DIRECTIONS: Once you find the line containing "Ninja Blender Creamy" in the data below, copy it and each following line exactly, up to and including the line containing "A laptop screen showing a virus warning", and nothing else.

AVAILABLE DATA:
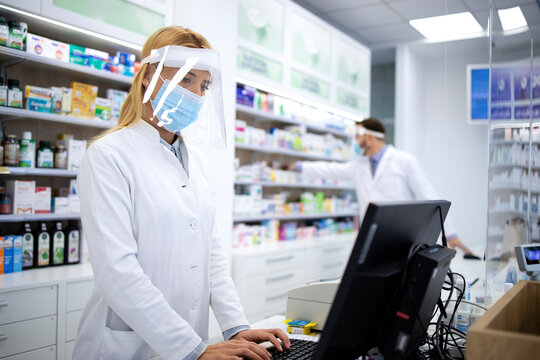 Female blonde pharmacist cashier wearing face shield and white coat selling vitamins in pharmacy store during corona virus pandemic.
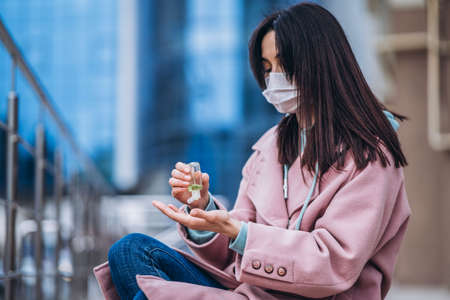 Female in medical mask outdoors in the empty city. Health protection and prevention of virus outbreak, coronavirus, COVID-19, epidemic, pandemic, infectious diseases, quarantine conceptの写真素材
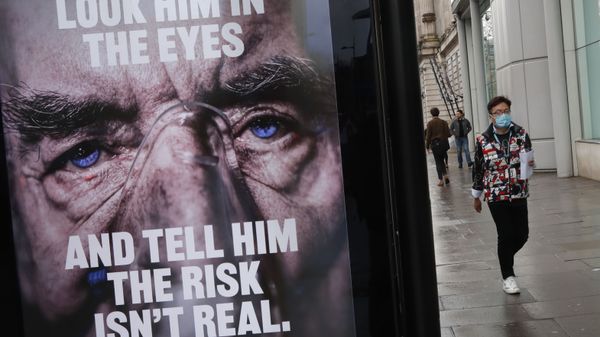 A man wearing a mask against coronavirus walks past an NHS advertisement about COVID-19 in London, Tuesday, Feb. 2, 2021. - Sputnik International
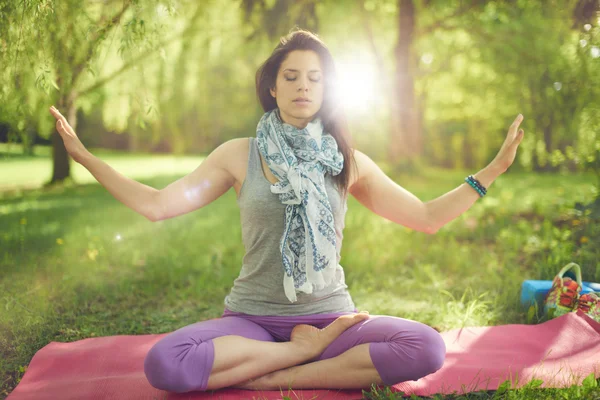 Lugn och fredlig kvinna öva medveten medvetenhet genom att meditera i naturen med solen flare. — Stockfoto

...

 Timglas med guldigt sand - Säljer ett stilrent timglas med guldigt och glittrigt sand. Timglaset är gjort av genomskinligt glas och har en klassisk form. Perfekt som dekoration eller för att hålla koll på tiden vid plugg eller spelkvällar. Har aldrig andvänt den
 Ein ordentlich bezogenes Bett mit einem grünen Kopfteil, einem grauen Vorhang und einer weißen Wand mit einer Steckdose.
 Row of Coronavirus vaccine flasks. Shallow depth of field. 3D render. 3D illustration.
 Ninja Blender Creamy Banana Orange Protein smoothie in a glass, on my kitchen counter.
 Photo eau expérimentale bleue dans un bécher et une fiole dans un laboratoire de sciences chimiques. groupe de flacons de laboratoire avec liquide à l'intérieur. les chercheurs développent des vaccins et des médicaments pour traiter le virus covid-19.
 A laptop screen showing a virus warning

ANSWER SECTION:
 Ninja Blender Creamy Banana Orange Protein smoothie in a glass, on my kitchen counter.
 Photo eau expérimentale bleue dans un bécher et une fiole dans un laboratoire de sciences chimiques. groupe de flacons de laboratoire avec liquide à l'intérieur. les chercheurs développent des vaccins et des médicaments pour traiter le virus covid-19.
 A laptop screen showing a virus warning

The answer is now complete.